"""

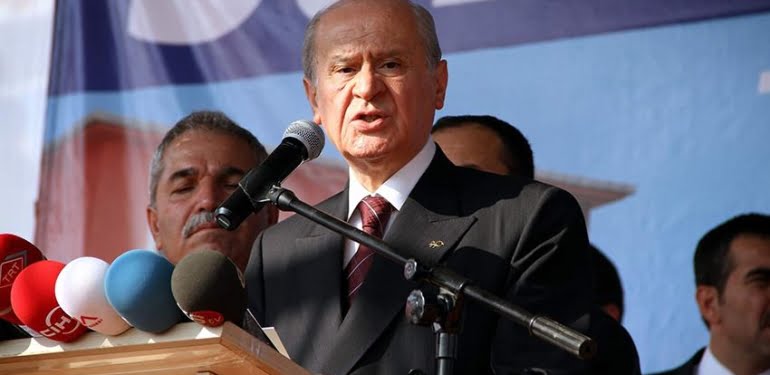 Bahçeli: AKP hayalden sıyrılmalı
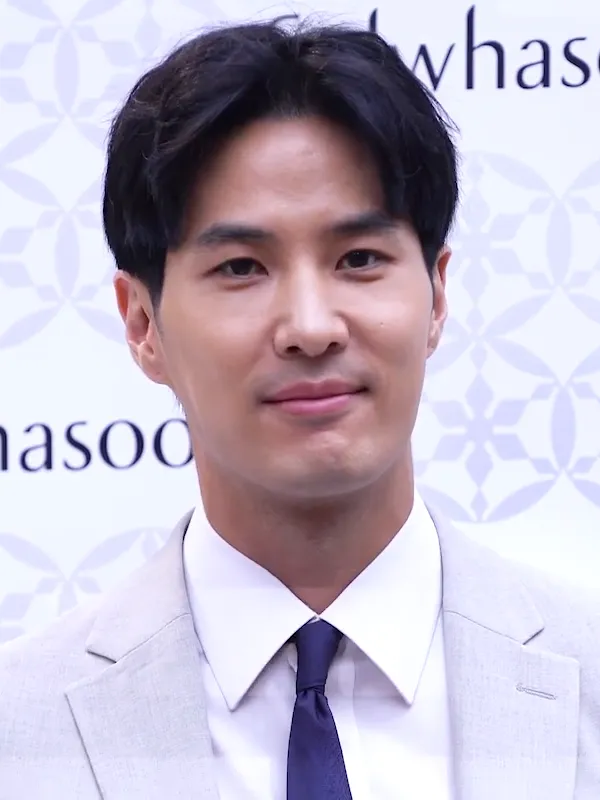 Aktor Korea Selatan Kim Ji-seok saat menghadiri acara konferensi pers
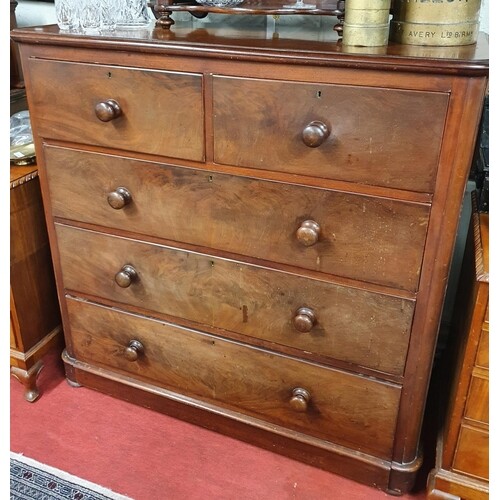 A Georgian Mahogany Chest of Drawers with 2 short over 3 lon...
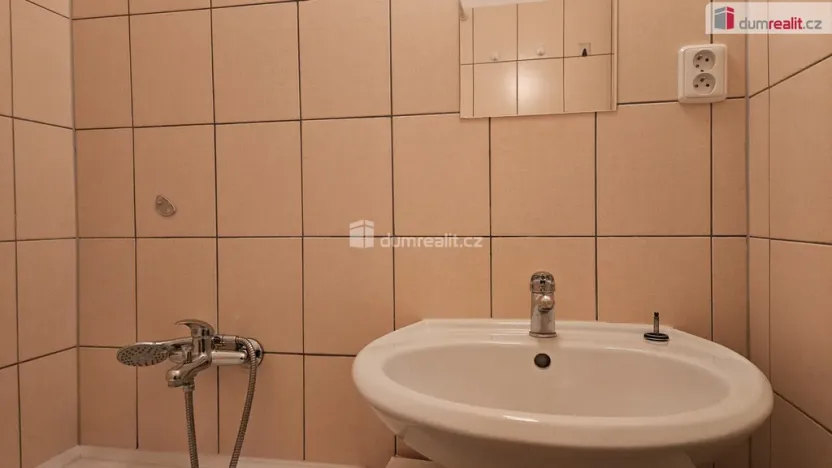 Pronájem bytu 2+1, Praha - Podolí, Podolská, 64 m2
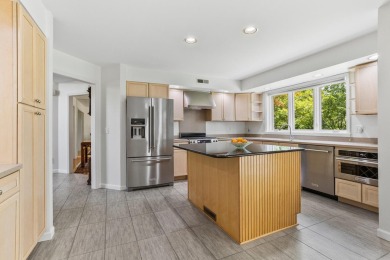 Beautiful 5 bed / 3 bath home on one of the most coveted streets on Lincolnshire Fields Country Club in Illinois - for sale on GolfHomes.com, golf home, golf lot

"""
"""

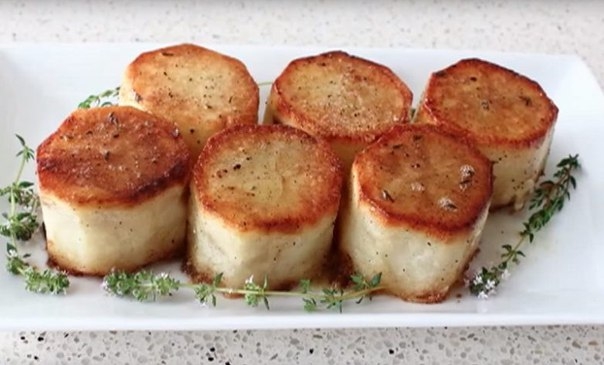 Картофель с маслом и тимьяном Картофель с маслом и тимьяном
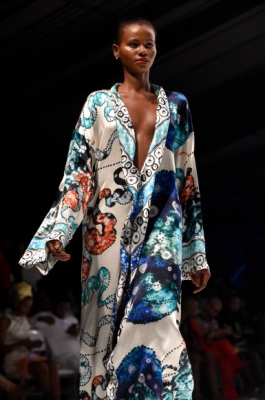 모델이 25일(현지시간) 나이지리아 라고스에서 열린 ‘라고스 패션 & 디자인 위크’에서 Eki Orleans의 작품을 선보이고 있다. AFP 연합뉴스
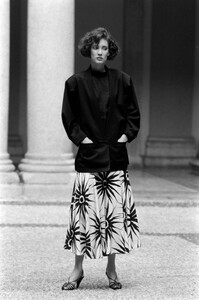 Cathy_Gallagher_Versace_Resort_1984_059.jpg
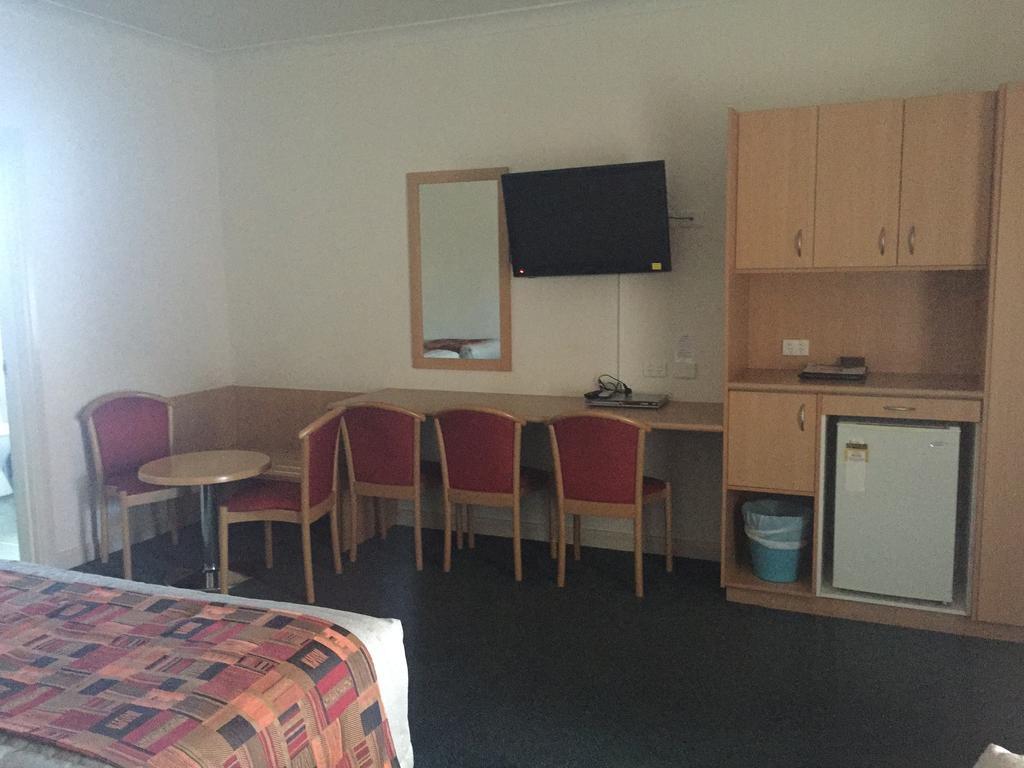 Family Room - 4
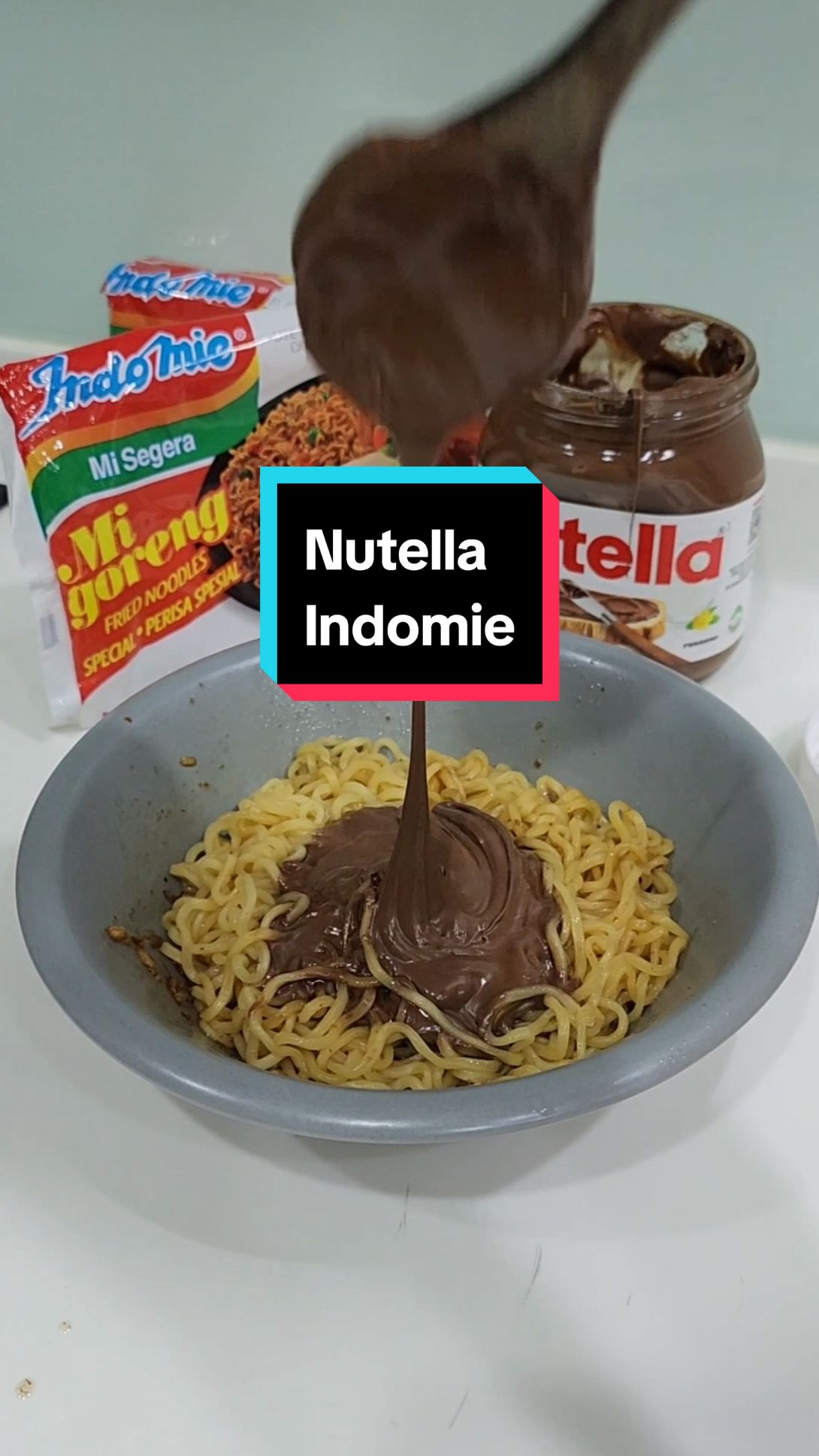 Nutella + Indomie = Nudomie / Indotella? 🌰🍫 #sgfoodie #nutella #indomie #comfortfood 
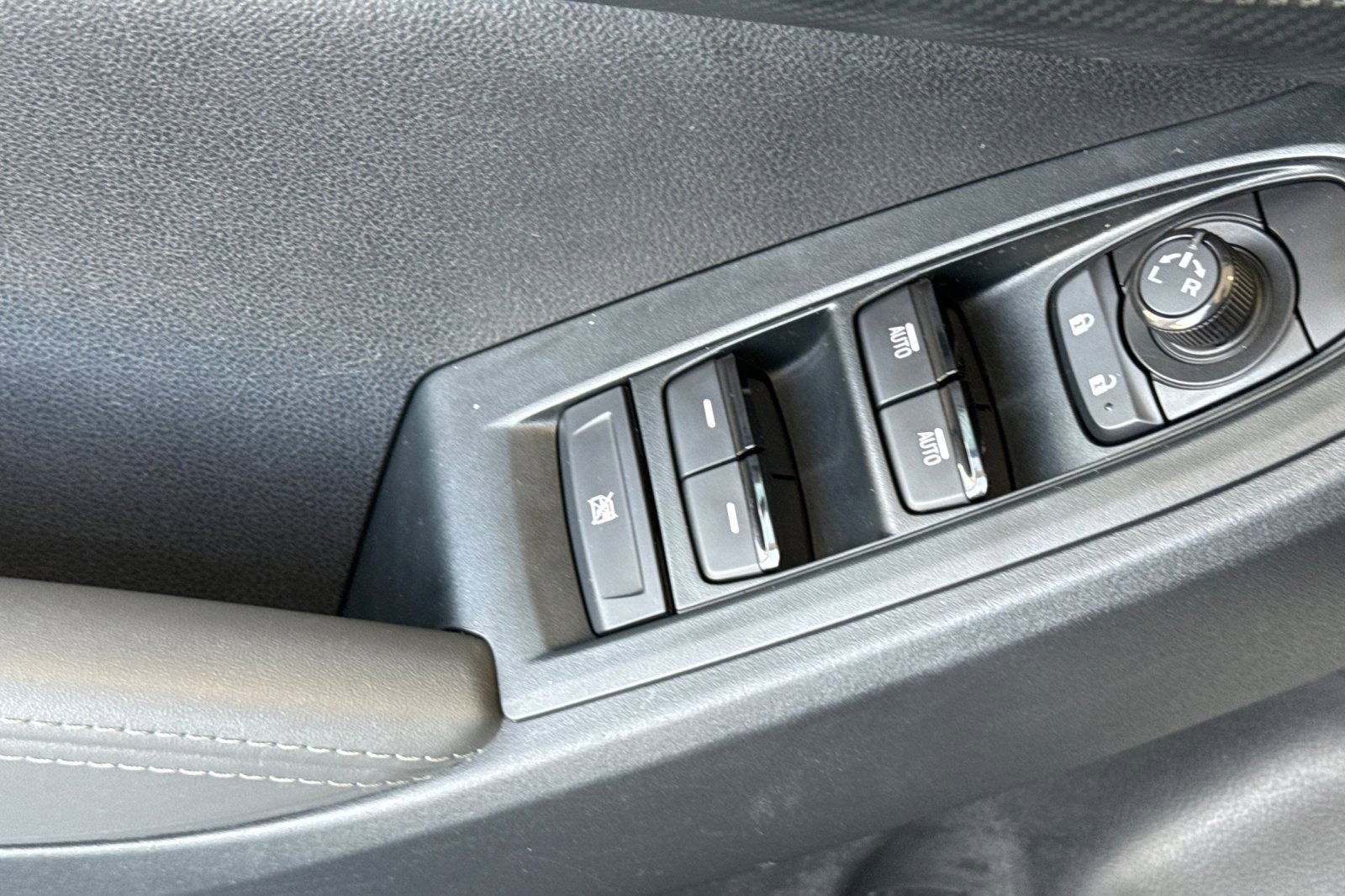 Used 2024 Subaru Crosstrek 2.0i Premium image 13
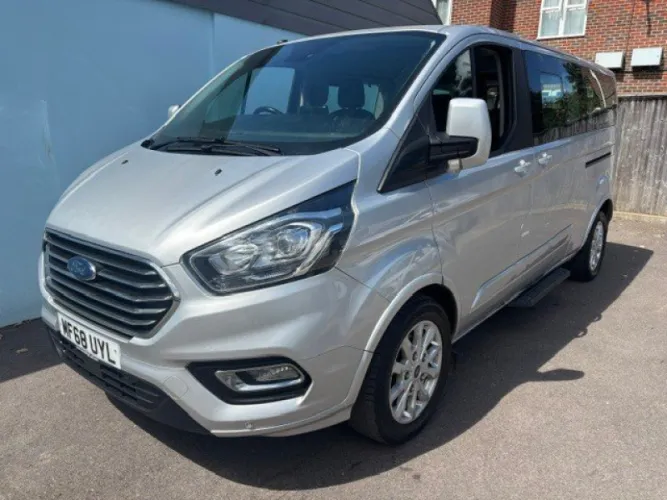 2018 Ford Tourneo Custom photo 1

"""

▶ _What is being asked_
Give back exactly the lines above from the one with "Used 2024 Subaru" through the one with "2018 Ford Tourneo Custom photo 1", both included. Pictures don't belong in the copy.

▶ _Solution to this exercise_
 Used 2024 Subaru Crosstrek 2.0i Premium image 13
 2018 Ford Tourneo Custom photo 1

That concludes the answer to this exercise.